_INPUT_.
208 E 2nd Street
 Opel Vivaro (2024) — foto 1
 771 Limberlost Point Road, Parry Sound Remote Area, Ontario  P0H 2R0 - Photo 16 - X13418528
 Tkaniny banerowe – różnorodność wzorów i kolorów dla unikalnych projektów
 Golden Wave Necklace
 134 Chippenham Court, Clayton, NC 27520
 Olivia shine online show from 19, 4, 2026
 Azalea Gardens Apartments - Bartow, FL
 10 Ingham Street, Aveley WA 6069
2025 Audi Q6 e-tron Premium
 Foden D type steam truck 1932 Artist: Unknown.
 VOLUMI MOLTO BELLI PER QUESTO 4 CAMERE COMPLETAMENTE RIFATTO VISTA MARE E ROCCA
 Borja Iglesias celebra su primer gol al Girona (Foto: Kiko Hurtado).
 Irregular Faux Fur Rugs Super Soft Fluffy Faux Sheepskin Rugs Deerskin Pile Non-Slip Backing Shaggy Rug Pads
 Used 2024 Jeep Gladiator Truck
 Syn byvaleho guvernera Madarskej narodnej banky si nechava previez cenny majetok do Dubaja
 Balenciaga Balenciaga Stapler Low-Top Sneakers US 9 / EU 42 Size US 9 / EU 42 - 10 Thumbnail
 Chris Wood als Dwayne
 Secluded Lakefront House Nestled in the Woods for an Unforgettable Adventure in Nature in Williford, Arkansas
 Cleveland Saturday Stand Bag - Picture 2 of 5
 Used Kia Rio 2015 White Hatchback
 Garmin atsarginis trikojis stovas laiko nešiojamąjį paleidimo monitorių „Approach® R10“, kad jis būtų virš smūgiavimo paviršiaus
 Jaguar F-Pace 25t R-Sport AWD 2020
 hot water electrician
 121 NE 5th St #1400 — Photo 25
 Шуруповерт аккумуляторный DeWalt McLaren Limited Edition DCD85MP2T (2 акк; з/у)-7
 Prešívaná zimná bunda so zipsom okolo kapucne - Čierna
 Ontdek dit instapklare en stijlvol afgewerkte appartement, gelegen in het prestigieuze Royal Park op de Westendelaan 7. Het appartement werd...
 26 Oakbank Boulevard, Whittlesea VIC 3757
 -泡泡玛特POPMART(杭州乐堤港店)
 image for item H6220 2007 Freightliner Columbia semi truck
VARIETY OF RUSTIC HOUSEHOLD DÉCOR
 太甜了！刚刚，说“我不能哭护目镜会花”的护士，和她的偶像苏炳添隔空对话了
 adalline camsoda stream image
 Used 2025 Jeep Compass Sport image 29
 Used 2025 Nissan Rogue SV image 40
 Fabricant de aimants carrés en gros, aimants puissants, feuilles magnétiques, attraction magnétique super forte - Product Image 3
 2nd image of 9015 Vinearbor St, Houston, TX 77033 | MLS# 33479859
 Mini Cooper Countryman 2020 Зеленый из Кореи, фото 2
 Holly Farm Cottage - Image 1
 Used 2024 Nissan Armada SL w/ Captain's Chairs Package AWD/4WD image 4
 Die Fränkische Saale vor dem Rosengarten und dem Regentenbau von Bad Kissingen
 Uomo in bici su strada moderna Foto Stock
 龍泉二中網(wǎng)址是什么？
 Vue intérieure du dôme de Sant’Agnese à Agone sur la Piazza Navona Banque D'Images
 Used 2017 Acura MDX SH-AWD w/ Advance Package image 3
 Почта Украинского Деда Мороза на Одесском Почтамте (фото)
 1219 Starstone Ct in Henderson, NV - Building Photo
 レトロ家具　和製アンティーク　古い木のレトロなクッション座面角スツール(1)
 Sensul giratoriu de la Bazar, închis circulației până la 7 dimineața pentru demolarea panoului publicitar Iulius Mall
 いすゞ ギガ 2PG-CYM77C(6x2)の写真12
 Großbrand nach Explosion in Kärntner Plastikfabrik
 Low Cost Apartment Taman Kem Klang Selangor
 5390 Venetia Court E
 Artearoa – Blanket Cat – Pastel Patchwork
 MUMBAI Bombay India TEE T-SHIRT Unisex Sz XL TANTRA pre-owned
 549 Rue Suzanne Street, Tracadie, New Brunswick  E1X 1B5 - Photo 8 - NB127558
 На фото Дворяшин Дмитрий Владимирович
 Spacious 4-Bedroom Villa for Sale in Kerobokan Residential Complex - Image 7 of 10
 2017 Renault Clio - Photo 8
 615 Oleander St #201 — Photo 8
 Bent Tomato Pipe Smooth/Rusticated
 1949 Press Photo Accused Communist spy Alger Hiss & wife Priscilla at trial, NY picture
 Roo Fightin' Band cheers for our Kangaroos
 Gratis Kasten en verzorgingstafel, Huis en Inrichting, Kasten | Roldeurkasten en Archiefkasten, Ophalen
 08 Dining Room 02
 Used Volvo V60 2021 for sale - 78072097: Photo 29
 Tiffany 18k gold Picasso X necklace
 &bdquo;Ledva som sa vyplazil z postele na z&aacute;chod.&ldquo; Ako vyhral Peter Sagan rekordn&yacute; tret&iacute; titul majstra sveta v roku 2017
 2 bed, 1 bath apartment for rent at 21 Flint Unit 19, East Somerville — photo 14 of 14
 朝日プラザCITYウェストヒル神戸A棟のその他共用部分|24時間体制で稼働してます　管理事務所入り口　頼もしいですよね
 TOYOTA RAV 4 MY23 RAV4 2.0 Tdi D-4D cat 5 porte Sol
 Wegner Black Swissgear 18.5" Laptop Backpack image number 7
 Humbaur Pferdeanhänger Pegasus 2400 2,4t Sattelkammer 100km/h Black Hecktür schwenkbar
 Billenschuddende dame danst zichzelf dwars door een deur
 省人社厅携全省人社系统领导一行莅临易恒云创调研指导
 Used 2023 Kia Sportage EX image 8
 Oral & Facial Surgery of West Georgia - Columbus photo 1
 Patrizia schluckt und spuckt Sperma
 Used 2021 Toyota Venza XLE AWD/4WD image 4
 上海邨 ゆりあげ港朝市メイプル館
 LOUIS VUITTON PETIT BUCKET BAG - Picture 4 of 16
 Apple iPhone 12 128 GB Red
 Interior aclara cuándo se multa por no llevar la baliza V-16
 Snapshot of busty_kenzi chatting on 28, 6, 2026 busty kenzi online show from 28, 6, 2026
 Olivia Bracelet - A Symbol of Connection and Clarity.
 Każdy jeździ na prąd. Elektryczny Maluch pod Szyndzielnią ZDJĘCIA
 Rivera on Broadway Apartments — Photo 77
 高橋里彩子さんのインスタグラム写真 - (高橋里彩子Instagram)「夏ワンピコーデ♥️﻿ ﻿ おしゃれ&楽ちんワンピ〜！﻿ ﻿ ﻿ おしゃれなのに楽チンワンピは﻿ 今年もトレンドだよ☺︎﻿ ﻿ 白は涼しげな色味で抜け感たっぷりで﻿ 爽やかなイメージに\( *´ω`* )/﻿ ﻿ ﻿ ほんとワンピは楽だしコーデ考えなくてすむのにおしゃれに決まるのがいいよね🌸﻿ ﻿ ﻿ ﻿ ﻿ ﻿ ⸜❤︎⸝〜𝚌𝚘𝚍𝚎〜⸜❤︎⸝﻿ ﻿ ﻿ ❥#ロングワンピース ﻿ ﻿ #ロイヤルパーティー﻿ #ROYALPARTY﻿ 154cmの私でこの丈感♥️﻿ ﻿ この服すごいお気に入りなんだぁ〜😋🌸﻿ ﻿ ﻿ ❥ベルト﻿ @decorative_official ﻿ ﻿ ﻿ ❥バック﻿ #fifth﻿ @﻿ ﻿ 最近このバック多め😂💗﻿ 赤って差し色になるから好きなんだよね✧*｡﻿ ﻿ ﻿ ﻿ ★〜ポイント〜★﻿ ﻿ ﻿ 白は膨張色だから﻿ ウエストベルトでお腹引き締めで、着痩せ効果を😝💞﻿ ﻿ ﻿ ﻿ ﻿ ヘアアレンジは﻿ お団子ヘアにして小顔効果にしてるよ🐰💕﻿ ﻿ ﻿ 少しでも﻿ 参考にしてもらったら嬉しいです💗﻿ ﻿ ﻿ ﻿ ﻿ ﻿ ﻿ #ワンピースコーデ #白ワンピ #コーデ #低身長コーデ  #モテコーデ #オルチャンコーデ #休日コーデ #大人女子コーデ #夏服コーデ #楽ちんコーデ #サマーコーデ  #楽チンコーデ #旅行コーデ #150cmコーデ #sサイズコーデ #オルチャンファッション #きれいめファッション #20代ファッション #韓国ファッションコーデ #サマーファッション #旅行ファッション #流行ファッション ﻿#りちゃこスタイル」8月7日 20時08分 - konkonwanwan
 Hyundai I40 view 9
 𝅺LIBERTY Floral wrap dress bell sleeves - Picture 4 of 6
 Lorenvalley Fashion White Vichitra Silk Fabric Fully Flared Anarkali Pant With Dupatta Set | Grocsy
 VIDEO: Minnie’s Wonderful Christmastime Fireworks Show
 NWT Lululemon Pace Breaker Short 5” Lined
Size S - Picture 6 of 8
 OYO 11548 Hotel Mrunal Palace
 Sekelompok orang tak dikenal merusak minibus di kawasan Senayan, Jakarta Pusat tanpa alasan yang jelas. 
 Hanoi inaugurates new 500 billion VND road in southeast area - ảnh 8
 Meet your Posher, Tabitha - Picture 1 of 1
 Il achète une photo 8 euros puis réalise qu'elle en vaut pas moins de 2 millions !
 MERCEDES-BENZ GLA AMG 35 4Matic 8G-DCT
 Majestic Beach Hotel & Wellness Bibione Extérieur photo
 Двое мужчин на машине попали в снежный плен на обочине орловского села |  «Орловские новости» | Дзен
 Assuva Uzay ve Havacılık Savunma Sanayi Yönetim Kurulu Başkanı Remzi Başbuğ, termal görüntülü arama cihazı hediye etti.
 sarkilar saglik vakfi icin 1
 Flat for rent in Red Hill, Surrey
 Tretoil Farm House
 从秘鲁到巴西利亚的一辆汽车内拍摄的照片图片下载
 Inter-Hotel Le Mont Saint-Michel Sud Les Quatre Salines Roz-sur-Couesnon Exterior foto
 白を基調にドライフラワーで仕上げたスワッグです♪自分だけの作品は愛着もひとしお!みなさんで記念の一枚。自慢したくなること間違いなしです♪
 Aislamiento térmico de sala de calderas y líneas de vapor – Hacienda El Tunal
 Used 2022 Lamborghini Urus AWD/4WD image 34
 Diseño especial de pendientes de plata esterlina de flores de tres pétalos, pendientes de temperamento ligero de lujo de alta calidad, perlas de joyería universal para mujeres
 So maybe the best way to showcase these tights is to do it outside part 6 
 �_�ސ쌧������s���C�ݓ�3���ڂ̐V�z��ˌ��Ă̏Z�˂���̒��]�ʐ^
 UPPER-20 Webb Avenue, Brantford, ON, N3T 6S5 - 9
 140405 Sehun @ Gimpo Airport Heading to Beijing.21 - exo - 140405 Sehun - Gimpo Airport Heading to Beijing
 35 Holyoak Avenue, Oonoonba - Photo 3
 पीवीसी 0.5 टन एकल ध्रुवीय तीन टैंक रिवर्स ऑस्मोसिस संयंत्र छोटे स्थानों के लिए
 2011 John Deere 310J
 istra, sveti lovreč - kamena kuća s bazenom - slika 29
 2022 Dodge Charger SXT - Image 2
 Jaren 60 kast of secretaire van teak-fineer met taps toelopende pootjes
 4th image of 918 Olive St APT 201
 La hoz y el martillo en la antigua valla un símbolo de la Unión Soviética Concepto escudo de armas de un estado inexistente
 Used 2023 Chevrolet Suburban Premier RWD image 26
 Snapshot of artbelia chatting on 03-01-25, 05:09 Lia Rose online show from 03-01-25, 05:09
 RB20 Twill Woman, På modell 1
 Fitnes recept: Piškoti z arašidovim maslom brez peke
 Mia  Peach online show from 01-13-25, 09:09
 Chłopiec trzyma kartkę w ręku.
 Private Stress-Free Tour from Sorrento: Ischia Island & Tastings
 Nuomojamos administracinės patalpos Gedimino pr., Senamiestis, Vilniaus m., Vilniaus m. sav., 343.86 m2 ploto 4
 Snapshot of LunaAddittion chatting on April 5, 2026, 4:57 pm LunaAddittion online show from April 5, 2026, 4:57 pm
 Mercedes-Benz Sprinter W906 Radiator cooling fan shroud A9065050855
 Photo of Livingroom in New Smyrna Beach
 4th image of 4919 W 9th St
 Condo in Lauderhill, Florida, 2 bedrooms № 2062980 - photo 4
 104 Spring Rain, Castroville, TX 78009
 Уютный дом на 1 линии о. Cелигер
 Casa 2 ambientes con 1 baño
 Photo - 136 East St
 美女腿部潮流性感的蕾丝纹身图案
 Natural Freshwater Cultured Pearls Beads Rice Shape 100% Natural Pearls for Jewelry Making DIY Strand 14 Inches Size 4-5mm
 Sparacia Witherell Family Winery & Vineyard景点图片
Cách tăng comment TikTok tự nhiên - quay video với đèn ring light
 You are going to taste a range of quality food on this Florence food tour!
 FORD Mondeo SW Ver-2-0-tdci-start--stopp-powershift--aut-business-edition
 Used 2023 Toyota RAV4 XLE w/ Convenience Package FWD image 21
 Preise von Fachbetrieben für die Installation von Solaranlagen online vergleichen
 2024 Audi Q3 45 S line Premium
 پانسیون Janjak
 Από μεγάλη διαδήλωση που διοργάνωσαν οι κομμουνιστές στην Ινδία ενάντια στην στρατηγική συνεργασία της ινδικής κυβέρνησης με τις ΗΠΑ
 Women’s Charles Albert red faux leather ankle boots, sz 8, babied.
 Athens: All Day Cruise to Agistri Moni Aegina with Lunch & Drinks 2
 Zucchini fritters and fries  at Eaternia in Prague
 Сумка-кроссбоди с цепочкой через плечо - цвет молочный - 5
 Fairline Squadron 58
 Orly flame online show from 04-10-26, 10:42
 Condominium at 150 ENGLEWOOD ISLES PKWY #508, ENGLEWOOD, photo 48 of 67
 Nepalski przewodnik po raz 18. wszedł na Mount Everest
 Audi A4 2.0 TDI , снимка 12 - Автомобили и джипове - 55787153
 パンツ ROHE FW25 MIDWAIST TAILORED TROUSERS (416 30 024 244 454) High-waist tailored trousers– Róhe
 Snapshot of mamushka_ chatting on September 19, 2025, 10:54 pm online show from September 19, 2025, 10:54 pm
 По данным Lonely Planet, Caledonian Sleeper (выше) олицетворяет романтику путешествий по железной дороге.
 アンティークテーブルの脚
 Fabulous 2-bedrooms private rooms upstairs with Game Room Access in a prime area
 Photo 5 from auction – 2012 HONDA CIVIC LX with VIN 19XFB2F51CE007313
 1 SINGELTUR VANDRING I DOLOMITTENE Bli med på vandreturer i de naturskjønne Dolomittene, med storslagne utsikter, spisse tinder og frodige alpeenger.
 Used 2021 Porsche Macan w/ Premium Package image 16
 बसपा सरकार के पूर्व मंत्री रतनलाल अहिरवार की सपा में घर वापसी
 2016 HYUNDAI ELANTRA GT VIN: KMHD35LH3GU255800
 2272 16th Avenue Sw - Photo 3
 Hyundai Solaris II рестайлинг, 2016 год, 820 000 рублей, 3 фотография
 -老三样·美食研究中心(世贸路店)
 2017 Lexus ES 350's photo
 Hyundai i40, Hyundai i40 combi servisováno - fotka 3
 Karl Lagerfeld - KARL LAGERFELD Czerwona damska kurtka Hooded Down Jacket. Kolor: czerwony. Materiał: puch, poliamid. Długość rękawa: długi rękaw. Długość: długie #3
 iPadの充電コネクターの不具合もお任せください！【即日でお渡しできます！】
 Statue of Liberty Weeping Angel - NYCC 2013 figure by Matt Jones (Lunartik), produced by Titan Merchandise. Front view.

_REQUIREMENT_.
Give back exactly the lines above, from the line containing "Cleveland Saturday Stand" through the line containing "龍泉二中網(wǎng)址是什么？", with both end lines and nothing more.

_THE COMPLETED TASK_.
 Cleveland Saturday Stand Bag - Picture 2 of 5
 Used Kia Rio 2015 White Hatchback
 Garmin atsarginis trikojis stovas laiko nešiojamąjį paleidimo monitorių „Approach® R10“, kad jis būtų virš smūgiavimo paviršiaus
 Jaguar F-Pace 25t R-Sport AWD 2020
 hot water electrician
 121 NE 5th St #1400 — Photo 25
 Шуруповерт аккумуляторный DeWalt McLaren Limited Edition DCD85MP2T (2 акк; з/у)-7
 Prešívaná zimná bunda so zipsom okolo kapucne - Čierna
 Ontdek dit instapklare en stijlvol afgewerkte appartement, gelegen in het prestigieuze Royal Park op de Westendelaan 7. Het appartement werd...
 26 Oakbank Boulevard, Whittlesea VIC 3757
 -泡泡玛特POPMART(杭州乐堤港店)
 image for item H6220 2007 Freightliner Columbia semi truck
VARIETY OF RUSTIC HOUSEHOLD DÉCOR
 太甜了！刚刚，说“我不能哭护目镜会花”的护士，和她的偶像苏炳添隔空对话了
 adalline camsoda stream image
 Used 2025 Jeep Compass Sport image 29
 Used 2025 Nissan Rogue SV image 40
 Fabricant de aimants carrés en gros, aimants puissants, feuilles magnétiques, attraction magnétique super forte - Product Image 3
 2nd image of 9015 Vinearbor St, Houston, TX 77033 | MLS# 33479859
 Mini Cooper Countryman 2020 Зеленый из Кореи, фото 2
 Holly Farm Cottage - Image 1
 Used 2024 Nissan Armada SL w/ Captain's Chairs Package AWD/4WD image 4
 Die Fränkische Saale vor dem Rosengarten und dem Regentenbau von Bad Kissingen
 Uomo in bici su strada moderna Foto Stock
 龍泉二中網(wǎng)址是什么？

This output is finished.